The area of a sector whose perimeter is four times its radius r units, is
(a) $\frac{r^{2}}{4}$ sq. units
(b) $2 r^{2}$ sq. units
(c) $r^{2}$ sq.units
(d) $\frac{r^{2}}{2}$ sq. units
We know that perimeter of the sector $=2 r+\frac{\theta}{360} \times 2 \pi r$.
We have given that perimeter of the sector is four times the radius.

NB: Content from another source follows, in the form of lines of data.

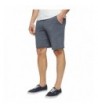 Discount Men's Athletic Shorts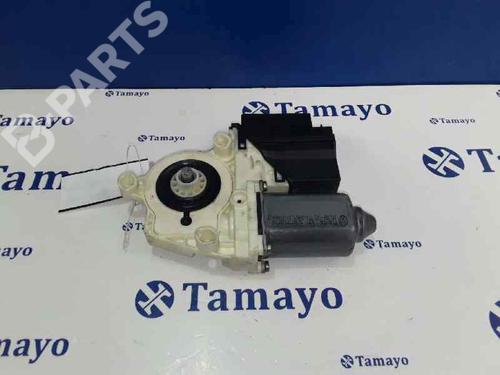 Right front window motor SEAT IBIZA III (6L1)  | BP2968113E20 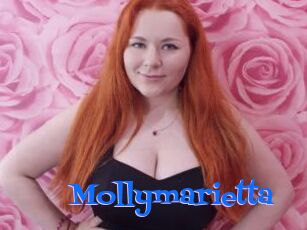 Mollymarietta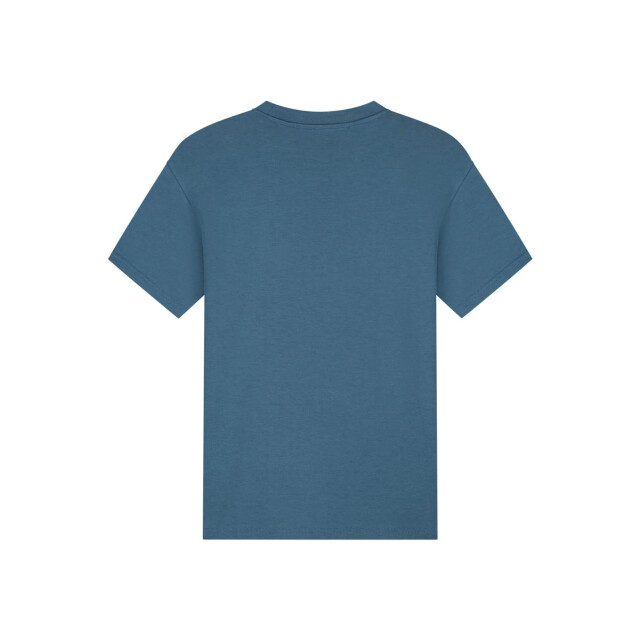 Malelions Nylon pocket t-shirts mm1-aw25-23 MM1-AW25-23 large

$2 r+\frac{\theta}{360} \times 2 \pi r=4 r$
Subtracting 2r from both sides of the equation,
$\therefore \frac{\theta}{360} \times 2 \pi r=4 r-2 r$
$\therefore \frac{\theta}{360} \times 2 \pi r=2 r$
Dividing both sides of the equation 2r we get,
$\frac{\theta}{360} \times \pi=1$
$\therefore \frac{\theta \pi}{360}=1$.......(1)

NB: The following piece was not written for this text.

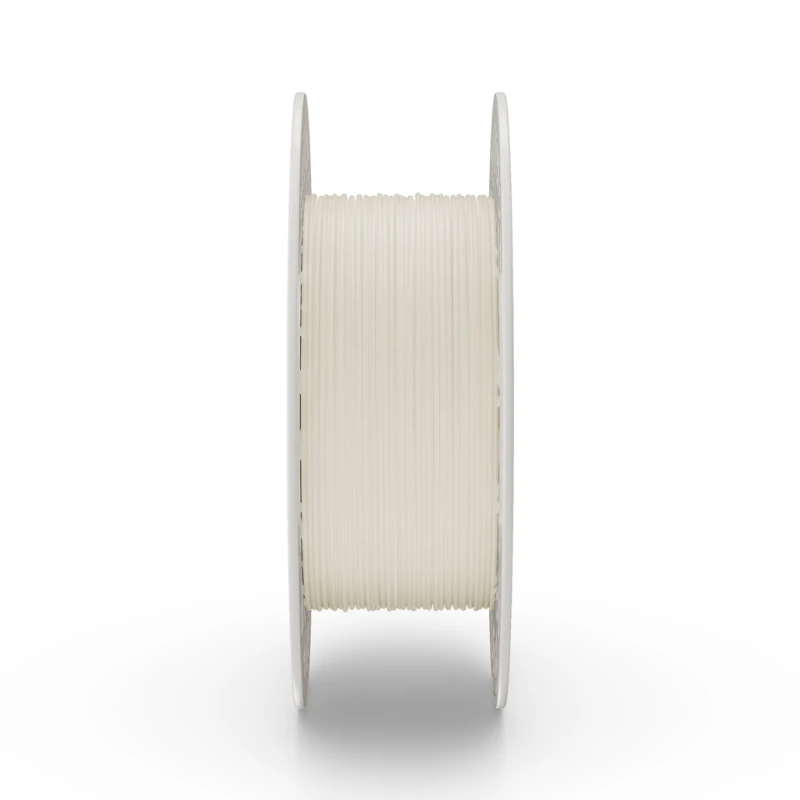 Fiberlogy BVOH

Let us find the area of the sector.
$\therefore$ Area of the sector $=\frac{\theta}{360} \pi r^{2}$
Substituting $\frac{\theta \pi}{360}=1$ we get,
Area of the sector $=r^{2}$
Hence, area of the sector is $r^{2}$ sq.units
Therefore, the correct answer is (c).